Who lived here? For how long? How often did they wander out towards Straloch? What did they do in their free time? Did they have any free time? I know so little. At night I imagine their noises, as they put another log on the fire (but where did that wood come from?), as they turn around under their wet and heavy blankets, as they quietly talk to each other. As the baby starts screaming. It is all I can hear at night, apart from the wind and the occasional squeak of a grouse.


Remorse

The winter camping rhythm is rigid. Go and play outside from sunrise to sunset, which here, in the hills, means from 9 to 4 - if the weather plays along. The rest of the day: murmuring in the tent, restlessness, reading, until a battery dies, either from the lamp or from the phone or my own. At night I imagine being at Loch Loch, down around the corner. Sure, the wind would be violent, the days are shorter, but I would be at the end of the world, properly, and not just on a convenient perch with a view. More and more I learn that Loch Loch in its deep and secluded valley has the function of an end for me, a resting point, a place of destruction, clinging to existence, and then regeneration. When I re-emerge after three days, it's like starting from a blank slate. A new beginning. Being awake at night, standing on top of the ridge, seeing the dark shadow in the north, I miss Loch Loch. I am in the wrong place. So close, and still not there.
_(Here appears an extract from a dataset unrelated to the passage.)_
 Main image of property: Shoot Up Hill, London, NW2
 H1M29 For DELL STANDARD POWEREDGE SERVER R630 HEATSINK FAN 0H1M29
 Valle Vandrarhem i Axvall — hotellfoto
There are two ways to see Loch Loch from my new campsite, either by going around the corner, staying high, or by dropping down and taking the path. For a moment I was worried that the loch had disappeared, and all I would find is a patch of mud. But, as always, the loch is just exceptionally good at hiding. Deer and deer tracks everywhere, the old campsite in good condition, the shape of the loch unchanged.

Monday, December 24, 2018

Ben Vuirich!

I've always thought I'll climb Ben Vuirich in passing, at some point. No need to force it. Ben Vuirich is the giant lump of mud at the top of Glen Loch. If I walk in from Straloch, I have to circumnavigate the west, and then the north side of the mountain. It is a pretty big fucking mountain, and still a few metres short of being able to call itself a Munro. With my campsite being right opposite Ben Vuirich, it was pretty obvious that I had to find some time to do this, finally. I don't know why I think I have to do anything.
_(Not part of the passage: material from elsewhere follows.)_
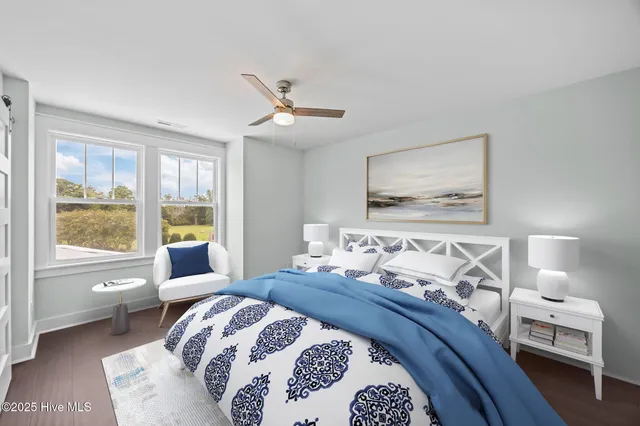 $537,950 | 3204 Whichards Beach Road, Chocowinity, NC 27817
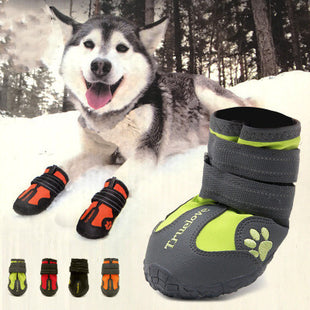 Dog Non-slip Wear Shoes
The northern and eastern slopes, visible from my tent, are smooth and steep, with rocks and hard snow. The easy way up is from the south. That means, I'll walk around it, again, along its east flank, then up to the southern ridge. Nobody should blame me for not being thorough with this hill. As it is custom for Corbetts, Ben Vuirich doesn't have paths or anything really. It's just thick heather, moor, swamp from bottom to top. Exhausting, cold, windy, but with a beautiful view at the end. In the video of the summit, the wind is louder than my voice. A bunch of things with antlers on the top, a dozen maybe, reluctantly making way for me.
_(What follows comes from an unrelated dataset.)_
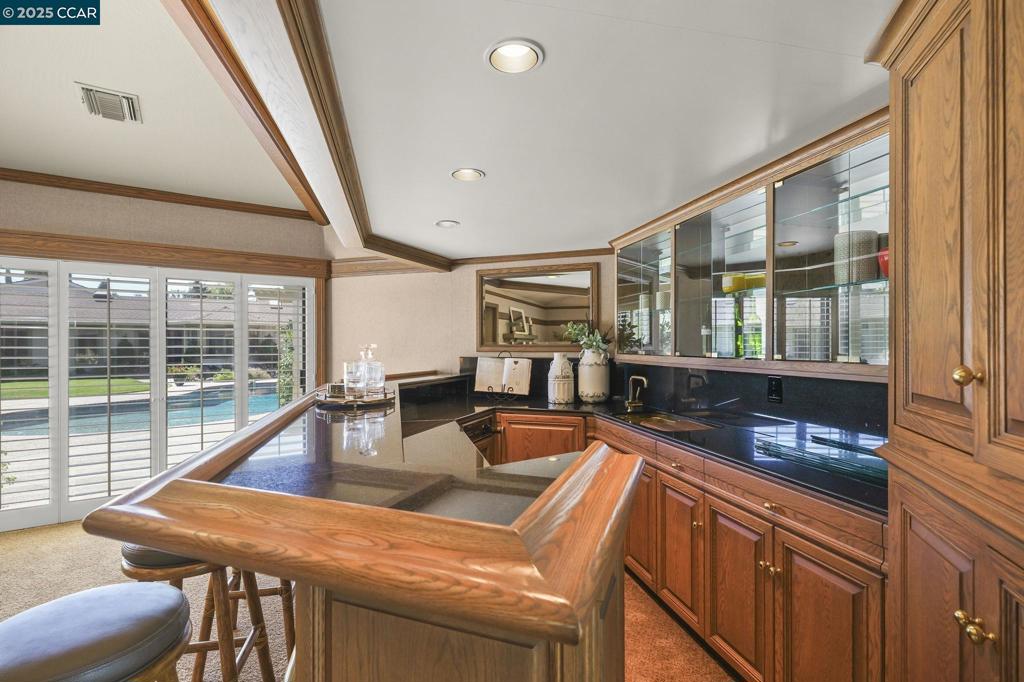 THE WOODLANDS - Residential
I learned that I can climb mountains in a T-shirt, even in December, if I just try to work hard. I learned that fourhundred metres gain in altitude can indeed be very hard work. That two miles through trackless moor is brutal. Okay, I already knew that, kind of. And I learned that mountain tops are, by and large, hostile places, although they might look sunny and friendly in pictures.

Christmas at Sron nan Dias

Visit number eight. It has taken a while, but I finally have learned the lesson. The Best Campsite Of The World has a flaw, and this time I take precautions. This time I build my house next to the ruins of Sron nan Dias, just out of the wind funnel, and with spectacular views over Glen Loch and Glen Fearnach and, man, Beinn A'Ghlo. What a place. Green grass on limestone, not entirely level, but soft and dry and sheltered and fantastic. At night, when the full moon was out, you could see me wandering around the ruins, in circles, pointing at things in the sky, marvelling at the stars moving against the background of the clouds, or vice versa. A light appears on the ridge above my campsite. Anyone up there? The light stumbles to the left, then stops, then moves back. A minute later the light has moved up and is now hovering above the rocks, too high for a person. I have witnessed a starrise.